Two critical questions thus emerge from this overview of U.S.-Egyptian relations. First, what are the long-term prospects for the bilateral relationship? Can our two countries sustain a set of basic understandings that will enable us to continue to build on this thirty-year strategic relationship? Second, will the issues that plague our bilateral ties—the peace process and the debate over democratization—be manageable? Can we find a way to differ without affecting the core of our relations, or will differences ultimately erode the foundations on which our relationship exists?
These questions are inextricably bound together. One of the most persistent aspects of our foreign policy and political culture has been the notion that democracy is an idea that other countries ought to embrace. Walter Russell Mead of the Council on Foreign Relations has described four strains of thinking in U.S. policy that reappear almost no matter who sits in the White House—what he calls the Hamiltonians, who favor an alliance between national government and big business; the Wilsonians, who look to America’s moral obligation and interest to spread American values and the rule of law throughout the world; the Jeffersonians, who seek to safeguard democracy at home and avoid unsavory allies and policies that increase the risk of war; and the Jacksonians, who emphasize our physical security and economic well-being, and while not seeking a fight, will not shy from one and will go all out to win, if provoked.2 All of our presidents have a little bit of all of these attributes in them. Our friends, as well as our adversaries, need to study this and understand the motivations that drive American leaders.

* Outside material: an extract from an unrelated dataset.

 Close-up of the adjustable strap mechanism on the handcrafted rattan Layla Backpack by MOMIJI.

But by the same token, it behooves us to try to understand the political history and social culture that motivate the policies of other countries. Egypt is and will remain a land of contrasts, where rich and poor, urban elites and rural fellahin, Westernized business executives and Islamic fundamentalists, “Egypt-firsters” and pan-Arab nationalists will co-exist in a mosaic held together by a common past and a strong central government.

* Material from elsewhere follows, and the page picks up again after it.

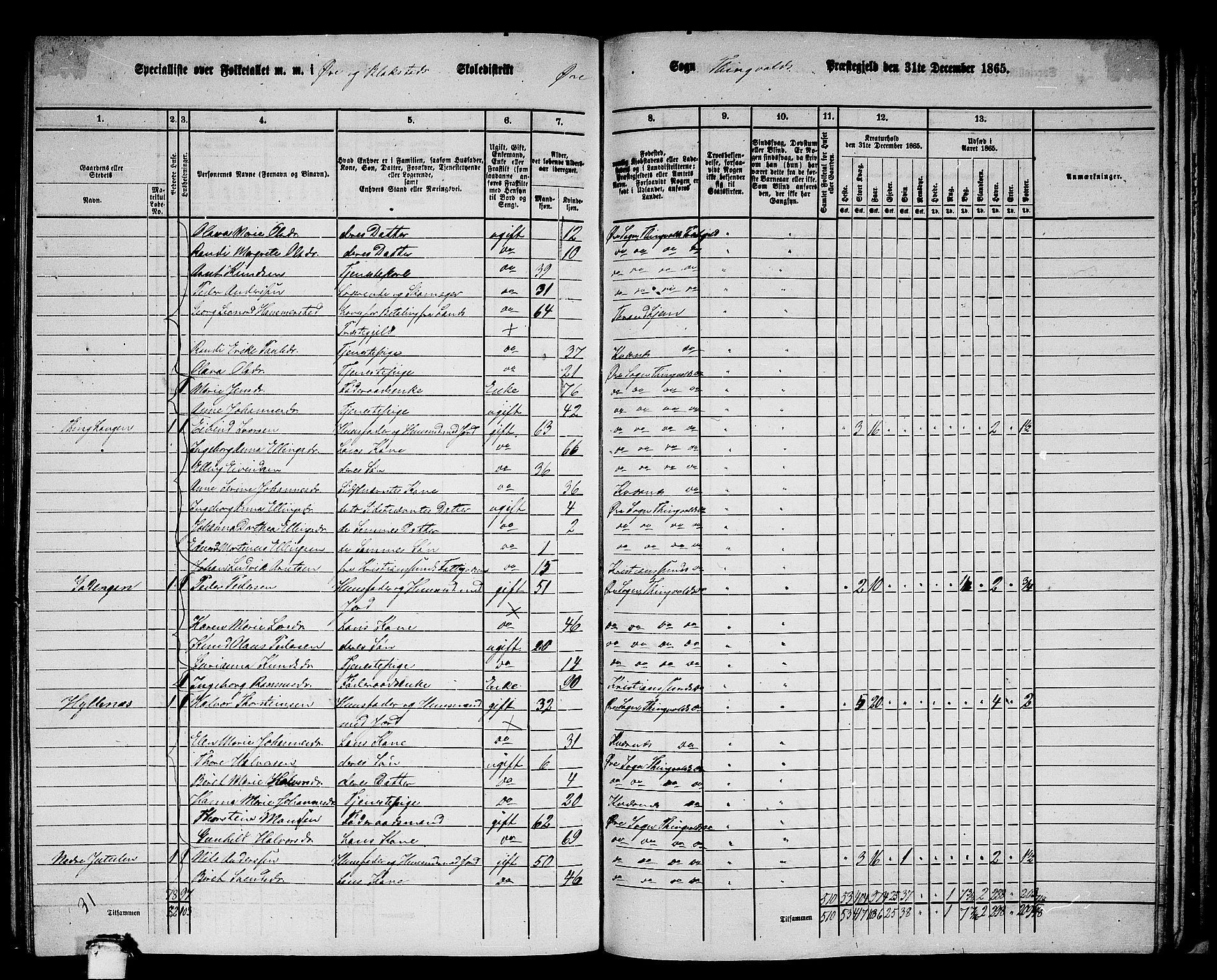 RA, 1865 census for Tingvoll, 1865, p. 205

So what is to be done? First, we must recognize the value to both of us of the intimate bilateral relationship we have constructed over thirty years—that is, to avoid as much as possible escalating problems and differences into crises.
Second, both sides need to improve their ability to listen to each other. In our dialogue with Egypt, we need to listen to each other much more carefully.
Third, we have a mutual interest in working together, constructively, toward an Arab-Israeli peace settlement. Better use can be made of more positive Egyptian-Israeli relations as a demonstration effect for a comprehensive peace settlement.
Fourth, it would be wise for Egyptians to undertake their own internal assessment of the value of political liberalization, not one choreographed or coming under pressure from the outside. They need to shut out the noise from the outside and to look at themselves in a mirror. Egypt is in the midst of an interesting and challenging period in its modern political history, when there is uncertainty over succession, a serious threat internally from the Muslim Brothers and like-minded friends, and where nascent movements for political reform such as the Kifaya (Enough) movement or the Ghad (Future) party are seeking legitimacy. If Egyptians prefer not to listen to outside advice, then let the debate about reform flourish within Egyptian society.